Leyendas medievales ante el descubrimiento de América

A lo largo de la edad media, la credulidad y la falta de sentido crítico eran el mejor alimento para que la equivocación, las fábulas, las leyendas y la superstición crecieran y se multiplicaran. Un ejemplo de esa Europa medieval, crédula y religiosa, fue la leyenda del preste Juan. A lo largo de siglos, todos hablaban de él y nadie sabía si situarlo en Asia, África o a caballo de uno y otro continente. Lo que se creía de este rey-sacerdote es que moraba en un lugar extenso y poblado de las Indias, que su poder era tal que había vencido al islam, que poseía inmensas riquezas y además era cristiano. Fue una idea viva con la que soñaron misioneros, caballeros y navegantes.

La tradición cristiana, al querer someter la geografía al dogma, se vio en la responsabilidad de situar en los mapas cada uno de los parajes bíblicos que aparecían en las Sagradas Escrituras: el Paraíso Terrenal y sus alrededores, las regiones de Tarsis y Ofir, el reino de Saba. Decían, y así lo creían, que se encontraban en el Extremo Oriente, siempre tan innecesario como lejano, lo que implicaba no decir nada.
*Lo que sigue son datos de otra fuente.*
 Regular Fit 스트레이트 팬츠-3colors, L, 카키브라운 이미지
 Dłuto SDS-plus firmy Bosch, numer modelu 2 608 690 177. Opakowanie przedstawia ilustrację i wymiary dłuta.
Igualmente, desde la antigüedad, se venía pensando que en regiones lejanas del mundo habitado y conocido existía un mundo de monstruos y animales fantásticos, como el basilisco, el grifo, el ave fénix, sirenas y dragones. Igualmente creían en la existencia de razas monstruosas, como las guerreras amazonas, antropófagos, pigmeos, hombres cíclopes, descabezados, cinocéfalos (con cabeza de perro), hipópodos (con pezuña de caballo), hombres con labios monumentales que les servían de sombrilla. Con estos relatos, cualquier viajero o navegante con imaginación trataba de relacionar lo que veía con aquello que había leído o le habían revelado. Colón, en su famosa carta de 1493 anunciando el hallazgo, proclamaba a la cristiandad que en su viaje no había encontrado monstruos y los indios no tenían nada de seres extraños.

Ante el Océano o Mar Tenebroso (nombres que en la etapa recibía el océano Atlántico), con sus miedos y fantasías, la imaginación comenzó a alimentar el género de islas perdidas (San Brandán, Antilla o Antilia, Siete Ciudades) que para los navegantes tan pronto aparecían como desaparecían. Estaban dentro de la tradición de islas paradisíacas, de infinitas delicias que mezclaban reminiscencias de las islas de los Bienaventurados con las fantasías orientales de Las mil y una noches. Igualmente, respondían a los anhelos cristianos del Paraíso Terrenal. Su fuerte arraigo las hizo aparecer en la cartografía durante siglos.